Exercise inputs below:

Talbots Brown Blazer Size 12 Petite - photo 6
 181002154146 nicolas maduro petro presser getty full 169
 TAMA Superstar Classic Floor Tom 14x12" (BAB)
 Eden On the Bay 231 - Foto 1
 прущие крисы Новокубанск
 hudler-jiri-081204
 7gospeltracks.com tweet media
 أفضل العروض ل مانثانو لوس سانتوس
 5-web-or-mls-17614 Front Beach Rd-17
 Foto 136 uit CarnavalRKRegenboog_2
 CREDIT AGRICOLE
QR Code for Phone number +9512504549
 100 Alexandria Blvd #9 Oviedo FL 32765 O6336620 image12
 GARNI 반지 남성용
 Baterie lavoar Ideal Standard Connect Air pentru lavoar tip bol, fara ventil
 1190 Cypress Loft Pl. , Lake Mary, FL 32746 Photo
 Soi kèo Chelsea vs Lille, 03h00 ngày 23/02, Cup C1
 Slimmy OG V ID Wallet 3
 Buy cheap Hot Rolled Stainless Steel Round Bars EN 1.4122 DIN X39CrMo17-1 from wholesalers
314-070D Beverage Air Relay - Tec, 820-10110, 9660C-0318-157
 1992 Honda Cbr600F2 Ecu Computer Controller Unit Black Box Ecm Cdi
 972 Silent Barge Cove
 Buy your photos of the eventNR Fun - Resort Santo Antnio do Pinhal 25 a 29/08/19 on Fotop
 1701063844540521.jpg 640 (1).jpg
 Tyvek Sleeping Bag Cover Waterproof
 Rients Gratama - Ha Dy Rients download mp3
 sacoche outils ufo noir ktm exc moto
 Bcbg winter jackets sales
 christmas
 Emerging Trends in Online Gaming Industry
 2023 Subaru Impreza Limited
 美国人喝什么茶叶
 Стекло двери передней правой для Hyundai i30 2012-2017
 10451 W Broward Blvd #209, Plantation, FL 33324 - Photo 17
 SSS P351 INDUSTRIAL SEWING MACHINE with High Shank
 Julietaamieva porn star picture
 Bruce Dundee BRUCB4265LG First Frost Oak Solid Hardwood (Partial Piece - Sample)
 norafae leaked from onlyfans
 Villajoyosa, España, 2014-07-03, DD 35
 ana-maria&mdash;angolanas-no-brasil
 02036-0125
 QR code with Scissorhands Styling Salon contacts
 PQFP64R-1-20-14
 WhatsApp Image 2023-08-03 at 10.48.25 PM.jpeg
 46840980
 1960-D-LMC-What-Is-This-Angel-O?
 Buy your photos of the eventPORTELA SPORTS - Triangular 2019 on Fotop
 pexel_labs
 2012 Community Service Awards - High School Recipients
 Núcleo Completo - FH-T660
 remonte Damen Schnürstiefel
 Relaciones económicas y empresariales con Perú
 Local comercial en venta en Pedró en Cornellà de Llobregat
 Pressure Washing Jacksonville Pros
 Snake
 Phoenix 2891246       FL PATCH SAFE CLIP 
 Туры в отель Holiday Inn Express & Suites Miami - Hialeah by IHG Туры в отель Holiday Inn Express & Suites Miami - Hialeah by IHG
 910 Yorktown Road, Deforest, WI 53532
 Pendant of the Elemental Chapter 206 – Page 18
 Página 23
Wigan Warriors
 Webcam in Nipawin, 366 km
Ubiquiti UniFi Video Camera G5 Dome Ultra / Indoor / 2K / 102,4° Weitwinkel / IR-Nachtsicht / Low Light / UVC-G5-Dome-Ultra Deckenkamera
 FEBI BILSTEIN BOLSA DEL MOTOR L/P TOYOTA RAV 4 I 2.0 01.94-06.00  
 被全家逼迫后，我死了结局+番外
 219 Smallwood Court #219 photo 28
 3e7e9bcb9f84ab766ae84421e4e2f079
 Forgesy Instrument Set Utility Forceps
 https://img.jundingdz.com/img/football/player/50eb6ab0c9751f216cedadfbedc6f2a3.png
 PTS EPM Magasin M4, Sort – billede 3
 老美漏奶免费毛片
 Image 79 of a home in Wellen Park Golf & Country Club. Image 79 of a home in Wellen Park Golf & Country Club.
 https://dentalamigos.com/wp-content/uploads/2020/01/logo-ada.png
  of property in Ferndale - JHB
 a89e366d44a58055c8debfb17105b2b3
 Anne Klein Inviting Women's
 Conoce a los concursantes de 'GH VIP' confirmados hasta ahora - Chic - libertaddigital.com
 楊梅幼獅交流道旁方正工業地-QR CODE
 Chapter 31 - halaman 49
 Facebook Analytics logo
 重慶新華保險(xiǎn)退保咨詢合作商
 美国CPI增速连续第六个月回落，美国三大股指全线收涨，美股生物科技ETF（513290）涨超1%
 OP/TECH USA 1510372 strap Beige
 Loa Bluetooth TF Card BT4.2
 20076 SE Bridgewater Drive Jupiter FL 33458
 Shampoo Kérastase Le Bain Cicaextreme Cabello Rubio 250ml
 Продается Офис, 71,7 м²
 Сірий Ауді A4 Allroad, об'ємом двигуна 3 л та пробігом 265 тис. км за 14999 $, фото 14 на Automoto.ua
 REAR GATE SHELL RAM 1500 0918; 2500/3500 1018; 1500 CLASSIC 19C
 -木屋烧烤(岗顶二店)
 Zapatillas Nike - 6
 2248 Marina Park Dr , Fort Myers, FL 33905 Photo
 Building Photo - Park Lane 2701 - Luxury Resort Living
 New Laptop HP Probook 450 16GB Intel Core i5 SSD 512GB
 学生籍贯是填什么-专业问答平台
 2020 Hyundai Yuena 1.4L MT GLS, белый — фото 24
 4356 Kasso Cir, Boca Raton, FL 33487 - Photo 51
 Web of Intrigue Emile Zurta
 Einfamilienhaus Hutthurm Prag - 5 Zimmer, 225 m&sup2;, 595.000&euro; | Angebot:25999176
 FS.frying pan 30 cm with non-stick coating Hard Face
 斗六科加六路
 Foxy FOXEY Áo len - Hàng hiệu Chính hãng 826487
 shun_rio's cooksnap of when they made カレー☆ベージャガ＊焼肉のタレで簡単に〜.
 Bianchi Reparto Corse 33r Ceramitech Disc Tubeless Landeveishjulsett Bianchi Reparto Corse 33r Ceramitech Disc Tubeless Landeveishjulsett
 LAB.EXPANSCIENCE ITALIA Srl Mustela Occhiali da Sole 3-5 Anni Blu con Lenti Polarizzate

End of Exercise inputs.

Copy the records above exactly as written.

Talbots Brown Blazer Size 12 Petite - photo 6
 181002154146 nicolas maduro petro presser getty full 169
 TAMA Superstar Classic Floor Tom 14x12" (BAB)
 Eden On the Bay 231 - Foto 1
 прущие крисы Новокубанск
 hudler-jiri-081204
 7gospeltracks.com tweet media
 أفضل العروض ل مانثانو لوس سانتوس
 5-web-or-mls-17614 Front Beach Rd-17
 Foto 136 uit CarnavalRKRegenboog_2
 CREDIT AGRICOLE
QR Code for Phone number +9512504549
 100 Alexandria Blvd #9 Oviedo FL 32765 O6336620 image12
 GARNI 반지 남성용
 Baterie lavoar Ideal Standard Connect Air pentru lavoar tip bol, fara ventil
 1190 Cypress Loft Pl. , Lake Mary, FL 32746 Photo
 Soi kèo Chelsea vs Lille, 03h00 ngày 23/02, Cup C1
 Slimmy OG V ID Wallet 3
 Buy cheap Hot Rolled Stainless Steel Round Bars EN 1.4122 DIN X39CrMo17-1 from wholesalers
314-070D Beverage Air Relay - Tec, 820-10110, 9660C-0318-157
 1992 Honda Cbr600F2 Ecu Computer Controller Unit Black Box Ecm Cdi
 972 Silent Barge Cove
 Buy your photos of the eventNR Fun - Resort Santo Antnio do Pinhal 25 a 29/08/19 on Fotop
 1701063844540521.jpg 640 (1).jpg
 Tyvek Sleeping Bag Cover Waterproof
 Rients Gratama - Ha Dy Rients download mp3
 sacoche outils ufo noir ktm exc moto
 Bcbg winter jackets sales
 christmas
 Emerging Trends in Online Gaming Industry
 2023 Subaru Impreza Limited
 美国人喝什么茶叶
 Стекло двери передней правой для Hyundai i30 2012-2017
 10451 W Broward Blvd #209, Plantation, FL 33324 - Photo 17
 SSS P351 INDUSTRIAL SEWING MACHINE with High Shank
 Julietaamieva porn star picture
 Bruce Dundee BRUCB4265LG First Frost Oak Solid Hardwood (Partial Piece - Sample)
 norafae leaked from onlyfans
 Villajoyosa, España, 2014-07-03, DD 35
 ana-maria&mdash;angolanas-no-brasil
 02036-0125
 QR code with Scissorhands Styling Salon contacts
 PQFP64R-1-20-14
 WhatsApp Image 2023-08-03 at 10.48.25 PM.jpeg
 46840980
 1960-D-LMC-What-Is-This-Angel-O?
 Buy your photos of the eventPORTELA SPORTS - Triangular 2019 on Fotop
 pexel_labs
 2012 Community Service Awards - High School Recipients
 Núcleo Completo - FH-T660
 remonte Damen Schnürstiefel
 Relaciones económicas y empresariales con Perú
 Local comercial en venta en Pedró en Cornellà de Llobregat
 Pressure Washing Jacksonville Pros
 Snake
 Phoenix 2891246       FL PATCH SAFE CLIP 
 Туры в отель Holiday Inn Express & Suites Miami - Hialeah by IHG Туры в отель Holiday Inn Express & Suites Miami - Hialeah by IHG
 910 Yorktown Road, Deforest, WI 53532
 Pendant of the Elemental Chapter 206 – Page 18
 Página 23
Wigan Warriors
 Webcam in Nipawin, 366 km
Ubiquiti UniFi Video Camera G5 Dome Ultra / Indoor / 2K / 102,4° Weitwinkel / IR-Nachtsicht / Low Light / UVC-G5-Dome-Ultra Deckenkamera
 FEBI BILSTEIN BOLSA DEL MOTOR L/P TOYOTA RAV 4 I 2.0 01.94-06.00  
 被全家逼迫后，我死了结局+番外
 219 Smallwood Court #219 photo 28
 3e7e9bcb9f84ab766ae84421e4e2f079
 Forgesy Instrument Set Utility Forceps
 https://img.jundingdz.com/img/football/player/50eb6ab0c9751f216cedadfbedc6f2a3.png
 PTS EPM Magasin M4, Sort – billede 3
 老美漏奶免费毛片
 Image 79 of a home in Wellen Park Golf & Country Club. Image 79 of a home in Wellen Park Golf & Country Club.
 https://dentalamigos.com/wp-content/uploads/2020/01/logo-ada.png
  of property in Ferndale - JHB
 a89e366d44a58055c8debfb17105b2b3
 Anne Klein Inviting Women's
 Conoce a los concursantes de 'GH VIP' confirmados hasta ahora - Chic - libertaddigital.com
 楊梅幼獅交流道旁方正工業地-QR CODE
 Chapter 31 - halaman 49
 Facebook Analytics logo
 重慶新華保險(xiǎn)退保咨詢合作商
 美国CPI增速连续第六个月回落，美国三大股指全线收涨，美股生物科技ETF（513290）涨超1%
 OP/TECH USA 1510372 strap Beige
 Loa Bluetooth TF Card BT4.2
 20076 SE Bridgewater Drive Jupiter FL 33458
 Shampoo Kérastase Le Bain Cicaextreme Cabello Rubio 250ml
 Продается Офис, 71,7 м²
 Сірий Ауді A4 Allroad, об'ємом двигуна 3 л та пробігом 265 тис. км за 14999 $, фото 14 на Automoto.ua
 REAR GATE SHELL RAM 1500 0918; 2500/3500 1018; 1500 CLASSIC 19C
 -木屋烧烤(岗顶二店)
 Zapatillas Nike - 6
 2248 Marina Park Dr , Fort Myers, FL 33905 Photo
 Building Photo - Park Lane 2701 - Luxury Resort Living
 New Laptop HP Probook 450 16GB Intel Core i5 SSD 512GB
 学生籍贯是填什么-专业问答平台
 2020 Hyundai Yuena 1.4L MT GLS, белый — фото 24
 4356 Kasso Cir, Boca Raton, FL 33487 - Photo 51
 Web of Intrigue Emile Zurta
 Einfamilienhaus Hutthurm Prag - 5 Zimmer, 225 m&sup2;, 595.000&euro; | Angebot:25999176
 FS.frying pan 30 cm with non-stick coating Hard Face
 斗六科加六路
 Foxy FOXEY Áo len - Hàng hiệu Chính hãng 826487
 shun_rio's cooksnap of when they made カレー☆ベージャガ＊焼肉のタレで簡単に〜.
 Bianchi Reparto Corse 33r Ceramitech Disc Tubeless Landeveishjulsett Bianchi Reparto Corse 33r Ceramitech Disc Tubeless Landeveishjulsett
 LAB.EXPANSCIENCE ITALIA Srl Mustela Occhiali da Sole 3-5 Anni Blu con Lenti Polarizzate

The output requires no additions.